Вернике разражается оскорбительным смехом.
– Вам бы, конечно, хотелось им быть! Но это не так просто. Вы не представляете собой ничего интересного. Вполне нормальный средний подросток!
Я выхожу на Гроссештрассе. Медленно движется колонна демонстрантов. Точно чайки на фоне темной тучи, растерянно мечутся перед ней участники воскресных экскурсий в светлых костюмах, с детьми, свертками, велосипедами и всяким пестрым барахлом; но вот колонна приблизилась и перегородила улицу.

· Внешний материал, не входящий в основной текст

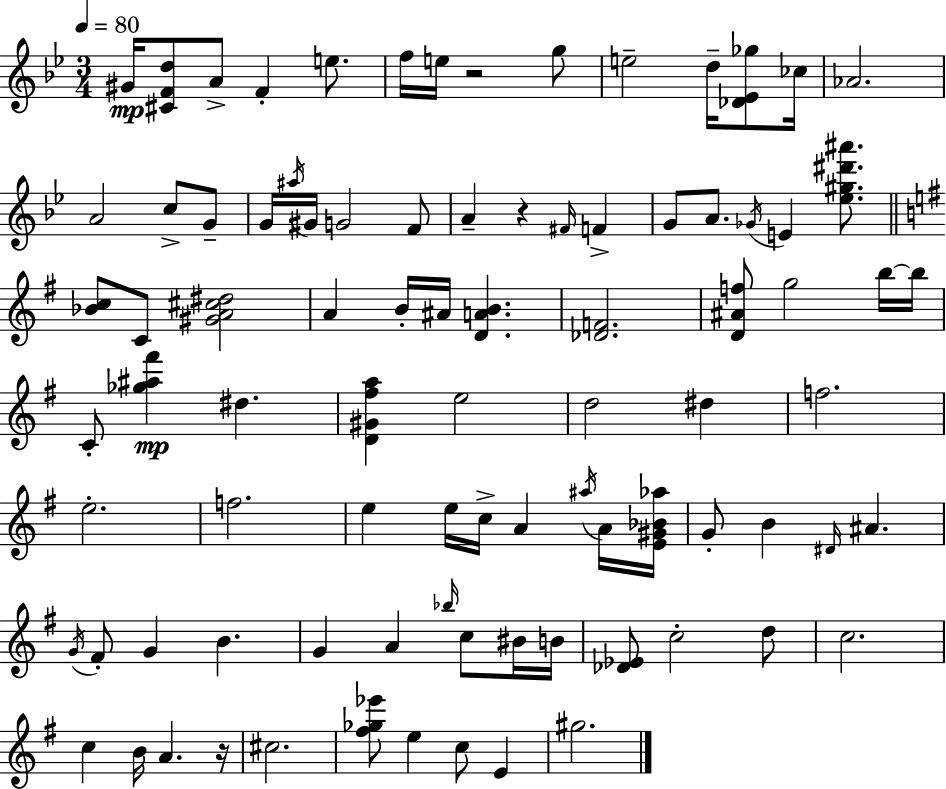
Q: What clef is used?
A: treble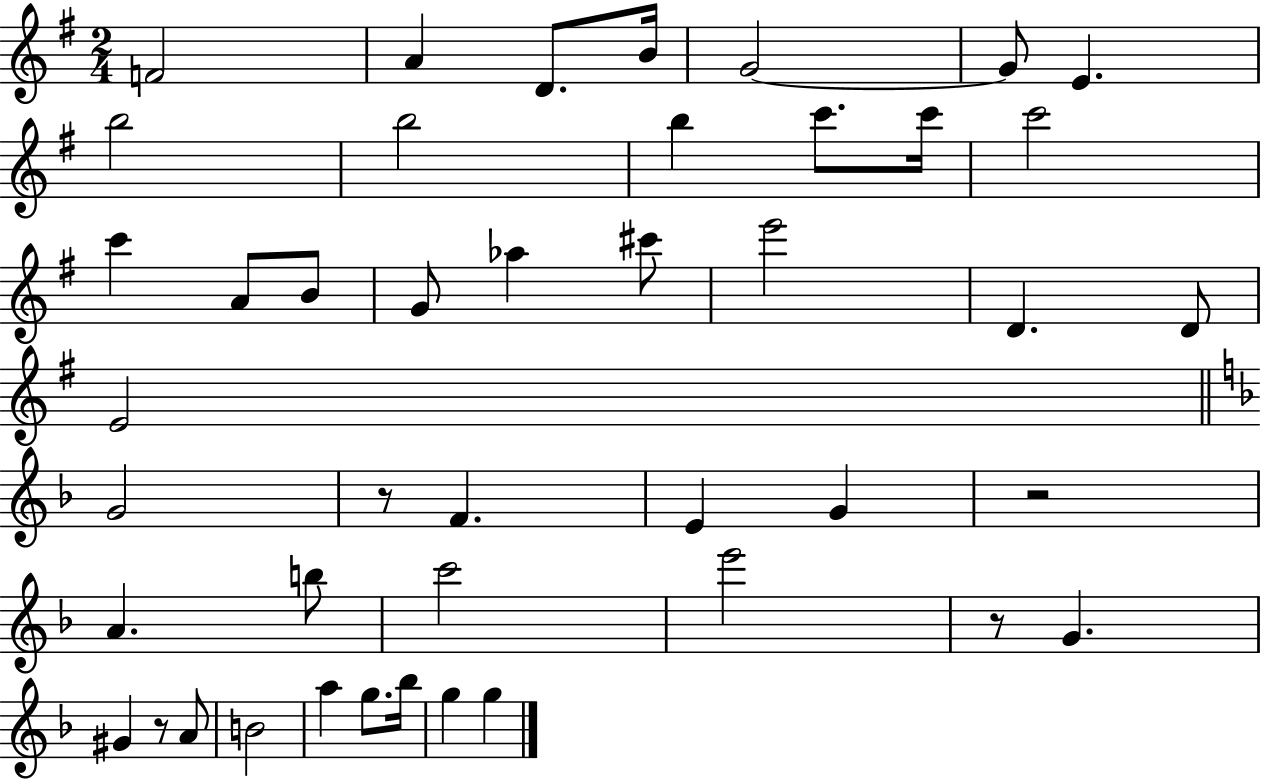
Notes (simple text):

F4/h A4/q D4/e. B4/s G4/h G4/e E4/q. B5/h B5/h B5/q C6/e. C6/s C6/h C6/q A4/e B4/e G4/e Ab5/q C#6/e E6/h D4/q. D4/e E4/h G4/h R/e F4/q. E4/q G4/q R/h A4/q. B5/e C6/h E6/h R/e G4/q. G#4/q R/e A4/e B4/h A5/q G5/e. Bb5/s G5/q G5/q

Это шествие инвалидов войны, которые протестуют против своих убогих пенсий. Впереди едет в коляске человеческий обрубок. Голова у него есть, а рук и ног нет. Сейчас уже невозможно определить, был ли этот обрубок человеком высокого или низкого роста. Даже по плечам не скажешь, ибо руки ампутированы так высоко, что протезы не к чему прикрепить. Голова у обрубка круглая, глаза карие, живые, он носит усы. Кто-то, видимо, каждый день за ним присматривает – он чисто выбрит, волосы и усы подстрижены. Его коляску, в сущности просто доску на роликах, везет однорукий. Обрубок сидит очень прямо и старается не свалиться. За ним следуют коляски безногих: по три в ряд. У них коляски с высокими колесами на резиновом ходу. Они приводят их в движение руками. Кожаные фартуки, обычно прикрывающие те места, где должны быть ноги, сегодня отстегнуты. Видны культи. Брюки тщательно подвернуты вокруг них.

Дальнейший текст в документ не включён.